The aim is to parallelize the execution of tasks across workers, under the assumption that there is a 1:1 mapping between them. This is most relevant when the overall computation has already been split up and assigned to workers outside of subpar. In such cases, parallelize_simple() is more suitable than parallelize_range() as it avoids the unnecessary overhead of partitioning the task interval.

The SUBPAR_USES_OPENMP_SIMPLE macro will be defined as 1 if and only if OpenMP was used in the default scheme. Users can define the SUBPAR_NO_OPENMP_SIMPLE macro to force parallelize_simple() to use <thread> even if OpenMP is available. This is occasionally useful when OpenMP cannot be used in some parts of the application, e.g., with POSIX forks.

Advanced users can substitute in their own parallelization scheme by defining SUBPAR_CUSTOM_PARALLELIZE_SIMPLE before including the subpar header. This should be a function-like macro that accepts the same arguments as parallelize_simple() or the name of a function that accepts the same arguments as parallelize_simple(). If defined, the custom scheme will be used instead of the default scheme whenever parallelize_simple() is called. Macro authors should note the expectations on run_task().

If nothrow_ = true, exception handling is omitted from the default parallelization scheme. This avoids some unnecessary work when the caller knows that run_task() will never throw. For custom schemes, if SUBPAR_CUSTOM_PARALLELIZE_SIMPLE_NOTHROW is defined, it will be used if nothrow_ = true; otherwise, SUBPAR_CUSTOM_PARALLELIZE_SIMPLE will continue to be used.

A worker ID of zero may or may not indicate that execution is being performed on the main thread. This relationship is true for the default <thread>-based implementation but may not be for OpenMP. (Note that the OpenMP thread number is not the same as the worker ID.) Custom overrides may also use a non-main thread to execute run_task_range() with w = 0.

Template Parameters
nothrow_Whether the Run_ function cannot throw an exception.
Task_Integer type for the number of tasks.
Run_Function that accepts w, the index of the task (and thus the worker ID) as a Task_. Any return value is ignored.
Parameters
num_tasksNumber of tasks. This is also the number of workers as we assume a 1:1 mapping between tasks and workers. It should be non-negative.
run_taskFunction to execute each task. This will be called exactly once in its corresponding worker, where w is guaranteed to be in [0, num_tasks). This function may throw an exception if nothrow_ = false.

◆ sanitize_num_workers()

template<typename Task_ >
int subpar::sanitize_num_workers ( const int num_workers,
const Task_ num_tasks )

Adjust the number of workers to the number of tasks in parallelize_range().

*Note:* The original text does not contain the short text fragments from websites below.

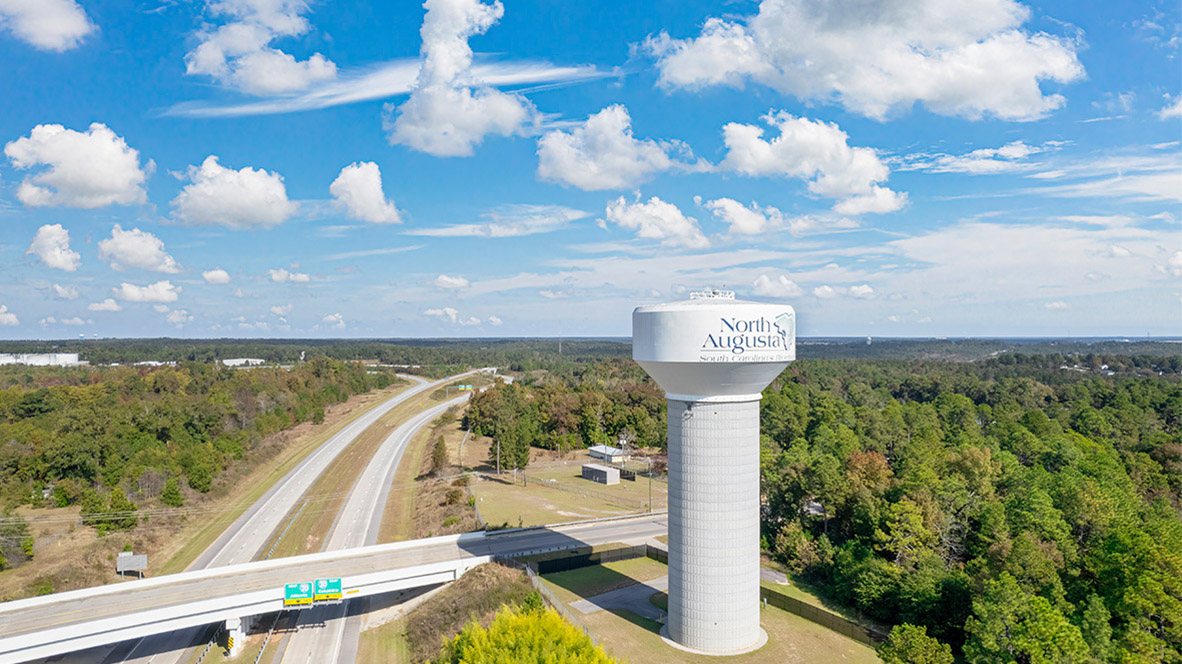 north augusta water tower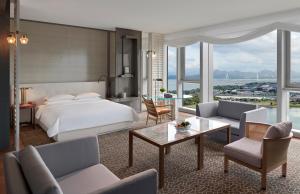 Posezení v ubytování 深圳湾安达仕酒店 Andaz Shenzhen Bay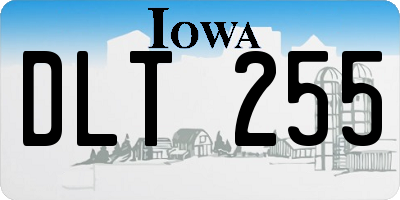 IA license plate DLT255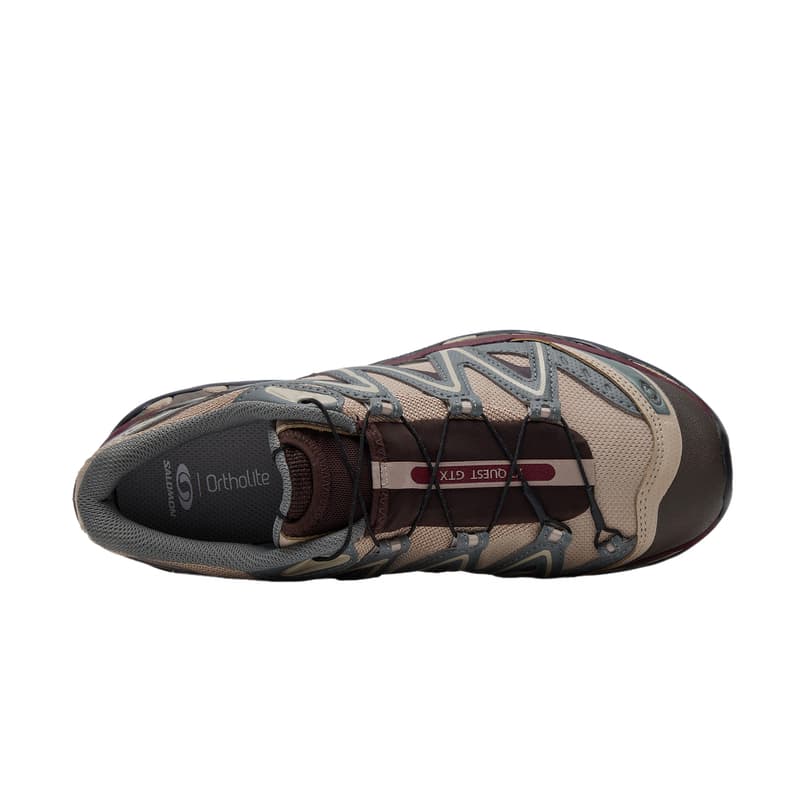 Кроссовки для бега Salomon XT-Quest GTX Brown Grey - изображение 5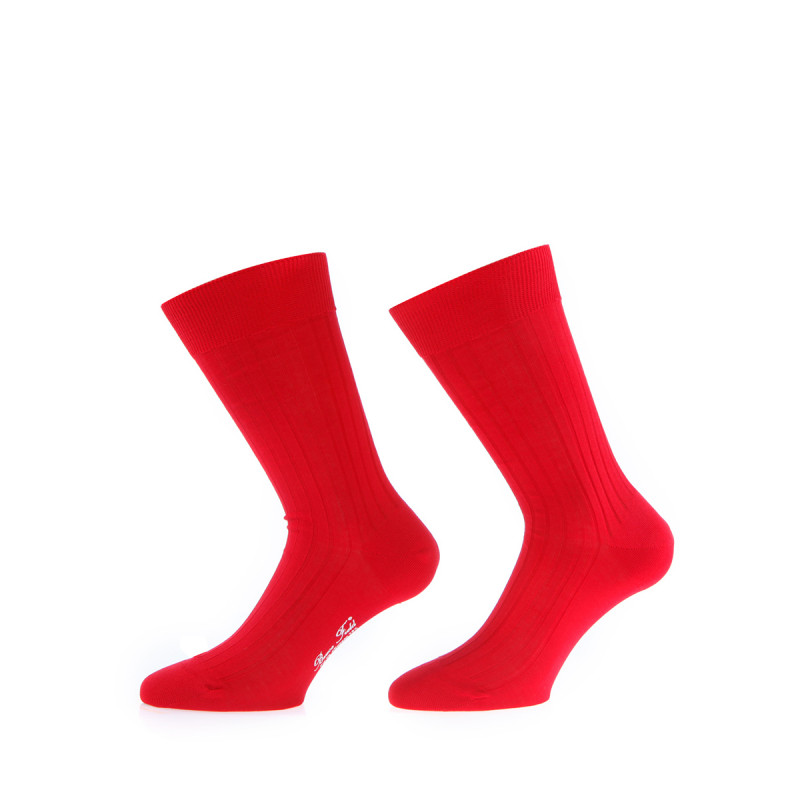 Chaussettes colorées homme en fil d'Ecosse 100% coton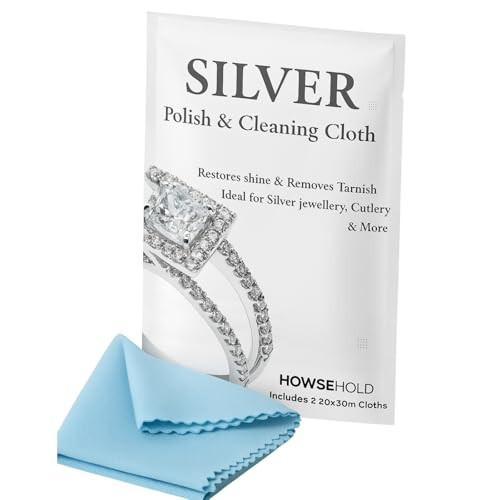 Silver Polishing Cloth (Pack of 2) Jewellery Cleaning and Polishing Cloths for Cleaning Silver, Gold and Platinum - Restores The Shine | Amazon (US)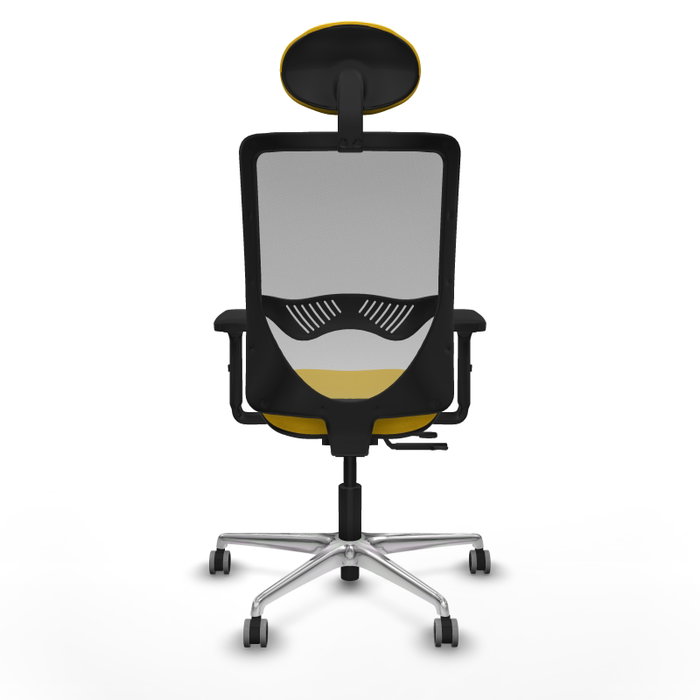PIQUERAS Y CRESPO Silla de oficina Zulema con mecanismo Sincro/Traslack, Amarillo y Gris PIQUERAS Y CRESPO Silla de oficina Zulema con mecanismo Sincro/Traslack, Amarillo y Gris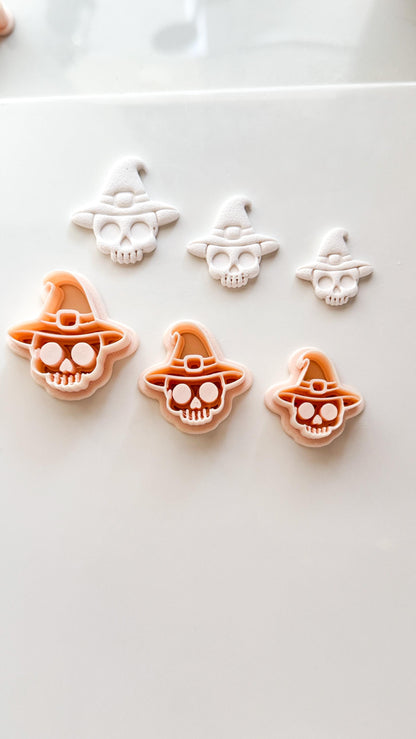 Magic Hat Skull Cutter: Witch Head Shape for Polymer Clay
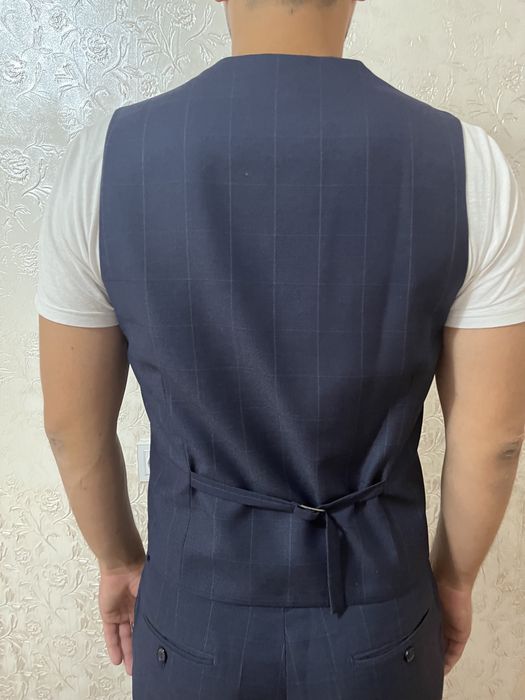 Костюм шалбар темно-синие
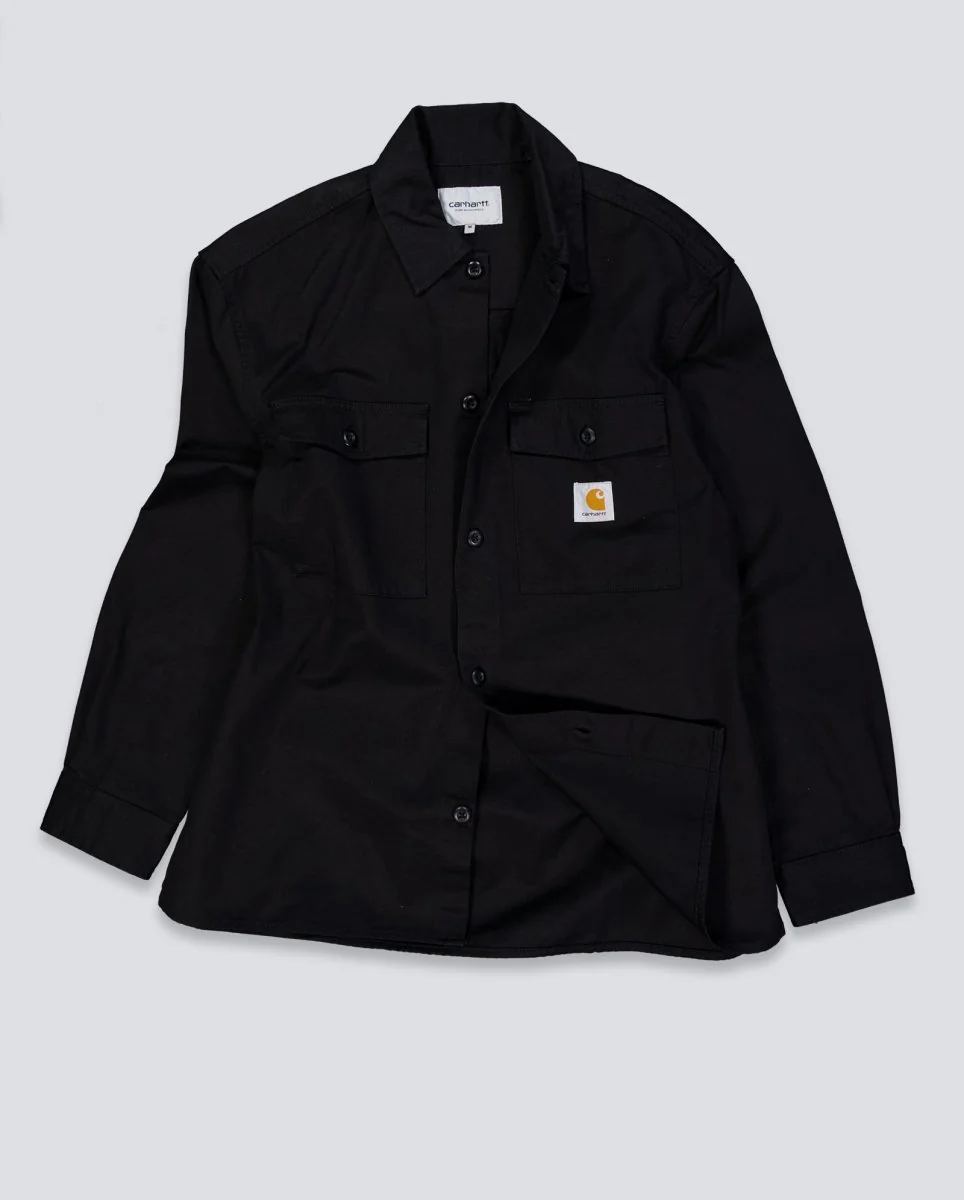 Camisa Carhartt WIP Kelly Negro Unisex - Image 2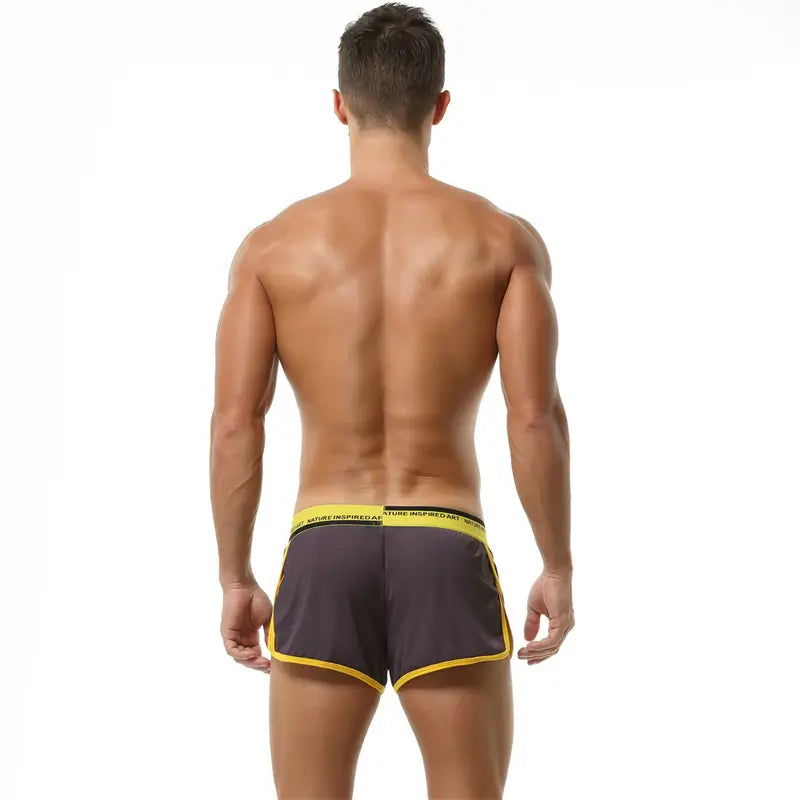 Seobean Men's Lounge Split-Leg Boxer Shorts Soft Underwear 220503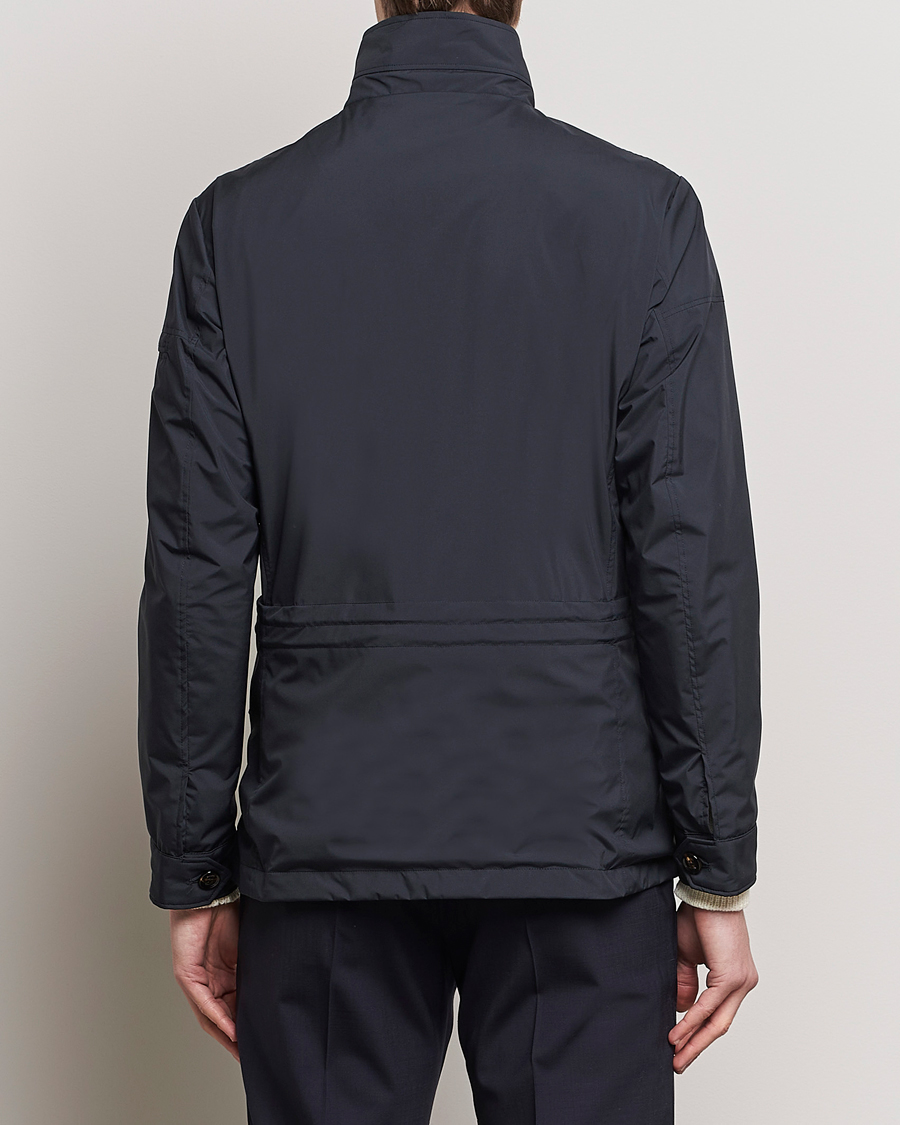 Men | Coats & Jackets | MooRER | Waterproof Nylon Field Jacket Navy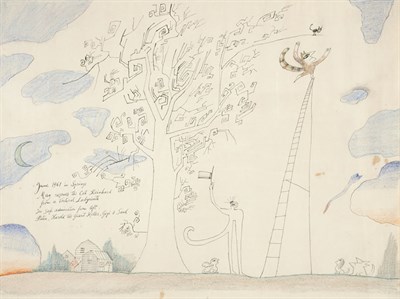 Lot 2160 - Saul Steinberg American, 1914-1999 Untitled...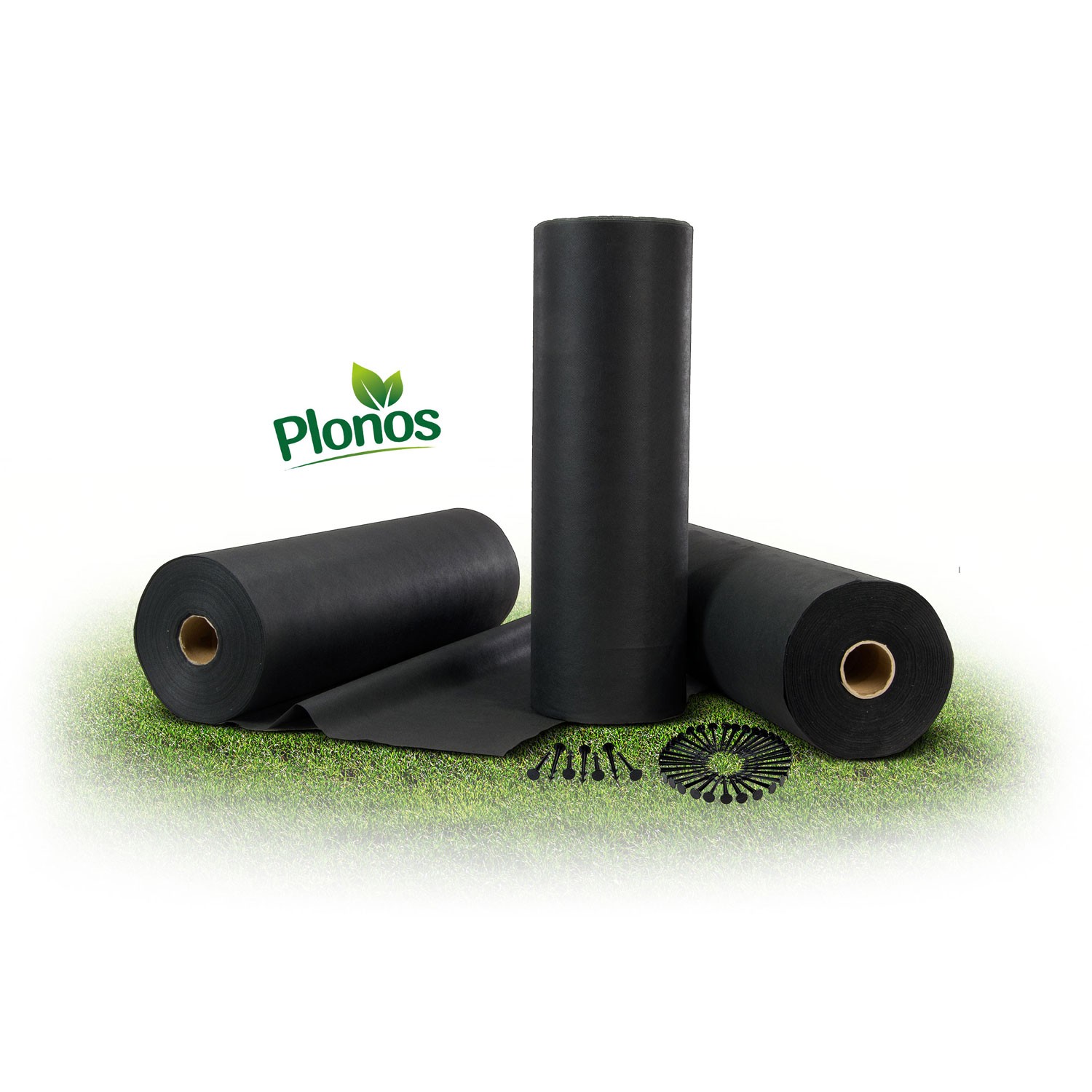 Aiandustekstiil 1 m x 50 m + 50 Plonose tihvti - must - Image 10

It is not strictly necessary to run sanitize_num_workers() prior to parallelize_range() as the latter will automatically behave correctly with all inputs. However, on occasion, applications need a better upper bound on the number of workers, e.g., to pre-allocate expensive per-worker data structures. This upper bound can be obtained by sanitize_num_workers() to refine the number of workers prior to calling parallelize_range().

Template Parameters
Task_Integer type for the number of tasks.
Parameters
num_workersNumber of workers. This may be negative or zero.
num_tasksNumber of tasks. This should be a non-negative integer.
Returns
A more suitable number of workers, possibly zero. The return value of sanitize_num_workers() will be an upper bound to the return value of parallelize_range() with the same num_workers and num_tasks.